Oxford Economics expects these countries to be among the top five fastest-growing European economies over the next five years. Despite similar strong economic outlooks, all have unique underlying strengths related to factors like politics, supply, demand, demographics and economic structure. This highlights the benefit of having a diversified investment strategy across different segments and locations as it enables investors to benefit from exposure to markets with different fundamental drivers.

Poland, being the biggest among the countries we are present in, is well positioned for future commercial real estate value growth. It is projected to be one of Europe’s strongest economies over the next five years. It has benefited from significant immigration from Ukraine, which has increased skilled labour availability and consumer spending. It has also received investment from the global supply chain changes in the manufacturing sector as businesses seek to reshore activity from Asia. Poland’s competency in dealing with the Ukraine invasion and its recent election result, which shall ease access and release billions in EU funding, has improved its standing amongst international investors. We expect rising capital flows into the commercial real estate market.

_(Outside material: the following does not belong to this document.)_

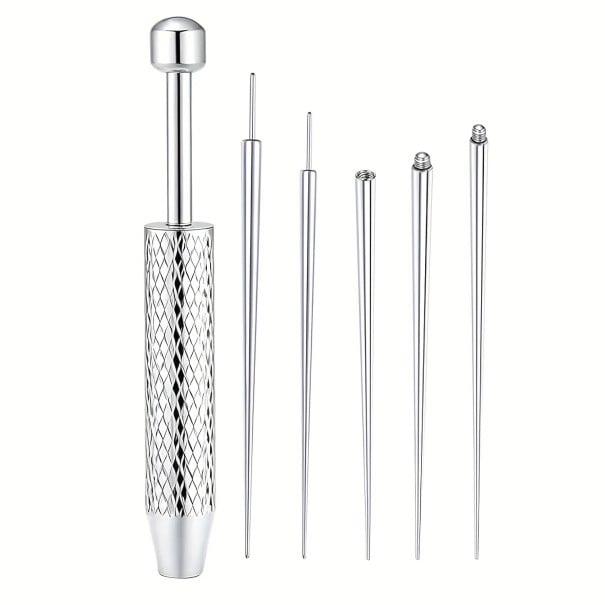 6 ks Titanový zakřivený kuželový vkládací kolík Vnitřní závit Stříbrná sada pro piercing šperky do rtu nosu a chrupavky 1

What is currently the biggest concern for investment funds operating in the CEE region? Is it just high interest rates and difficult access to financing?

The CEE is impacted by the macro trends impacting global real estate such as interest rates, inflation and the economic outlook. In the short term, investment funds are waiting for pricing to stabilise and investment liquidity to return. The conflict in Ukraine is also an impediment to higher allocation and activity. Consistent with other countries, there is an urgent need to address real estate sustainability which impacts existing portfolios including our own. However, against the backdrop of strong economic performance and growing occupier demand, these concerns are much easier to deal with.

Are you planning any new investments in the CEE region in 2024 and can you already tell us about them?

Given the investment sentiment, we will continue active asset management with a strong focus on green initiatives.